Sévin, Antoine (1896-après 1986)

1. Le témoin
Fils de mineur du Pas-de-Calais, Antoine Sévin perd son père et tous les hommes de sa famille lors de la catastrophe de Courrières en 1906. Sorti de l’école primaire à 13 ans, il est engagé à la mine pour travailler au même puits où était mort son père. La famille fuit devant l’arrivée des uhlans en août 14. Lui-même est mobilisé le 8 avril 1915. Il fait ses classes et un entraînement au camp de La Courtine, et il est nommé caporal avant de partir au front au 9e BCP. Il est sergent à la fin de 1917.

2. Le témoignage
Antoine Sévin est un parent de Gaston-Louis Marchal qui a édité ses souvenirs en 1986 à Castres, sous le titre Ma chienne de jeunesse, De la catastrophe de Courrières à la guerre de 1914-1918, ronéoté, format A4, agrafé, tirage à 80 exemplaires numérotés. On sait que ces souvenirs ont été écrits « 70 ans après la guerre », mais on ignore si c’est spontanément ou à la demande de Marchal. Celui-ci a retouché le texte dans la forme, comme le prouve la comparaison entre deux passages en fac-similé et la version dactylographiée. Des « dessins automatiques » d’Antoine, qui « tournent aux monstres », illustrent le texte. Celui-ci manque de dates précises. Il semble ne pas s’appuyer sur des notes, mais sur le simple souvenir.

3. Analyse
Rencontrer des copains « du pays » est un bonheur à La Courtine. Au front, la découverte du premier mort porte un coup sensible au jeune soldat. À un aspirant issu d’une grande famille qui lui fait un cours de patriotisme et termine en espérant qu’il fera son devoir, Antoine répond qu’il le suivra partout (mais il ne l’a plus revu). Lors de la première corvée de ravitaillement, les cuisines sont détruites par un obus qui tue aussi des chevaux ; on repart en emportant des biftecks de cheval. Une blessure le sauve de l’attaque sur le Chemin des Dames qui est un véritable massacre ; sa marraine de guerre vient voir le fils de mineur à l’hôpital en calèche.
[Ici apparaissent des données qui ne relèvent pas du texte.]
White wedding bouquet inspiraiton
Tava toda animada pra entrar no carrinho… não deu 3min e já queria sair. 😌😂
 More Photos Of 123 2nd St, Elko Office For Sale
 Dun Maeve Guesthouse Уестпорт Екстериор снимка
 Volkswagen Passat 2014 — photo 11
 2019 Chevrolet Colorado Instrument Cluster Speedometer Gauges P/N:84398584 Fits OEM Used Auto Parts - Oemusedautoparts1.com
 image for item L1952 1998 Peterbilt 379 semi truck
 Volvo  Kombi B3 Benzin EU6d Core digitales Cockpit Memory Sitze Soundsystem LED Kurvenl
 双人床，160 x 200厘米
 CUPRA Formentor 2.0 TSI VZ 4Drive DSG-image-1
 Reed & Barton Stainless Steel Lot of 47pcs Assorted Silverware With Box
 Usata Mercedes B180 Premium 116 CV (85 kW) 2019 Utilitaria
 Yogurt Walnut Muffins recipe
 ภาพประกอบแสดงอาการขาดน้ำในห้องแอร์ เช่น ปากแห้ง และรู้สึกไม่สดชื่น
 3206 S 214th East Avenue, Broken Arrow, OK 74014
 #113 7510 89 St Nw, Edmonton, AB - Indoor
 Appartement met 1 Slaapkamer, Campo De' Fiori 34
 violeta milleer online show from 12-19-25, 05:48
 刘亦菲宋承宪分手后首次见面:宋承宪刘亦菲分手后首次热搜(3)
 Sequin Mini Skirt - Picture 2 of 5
Il se souvient du bois des Caures où Driant est mort ; du ravin du Cul du Chien, qui était dominé par les Allemands. Dans le secteur d’Avocourt, lors de l’hiver 1917-1918, l’inondation oblige à sortir des tranchées, et Français et Allemands fraternisent. Son unité est chargée de retarder la progression ennemie lors de l’attaque allemande sur le Chemin des Dames en mai 1918. Puis il participe à l’offensive du 15 septembre sur Mesnil-les-Hurlus, en liaison avec les petits tanks Renault, sous les obus à l’ypérite. Il enterre un camarade tué et repère la tombe pour informer ses parents. Il est en permission lorsqu’il apprend la nouvelle de l’armistice.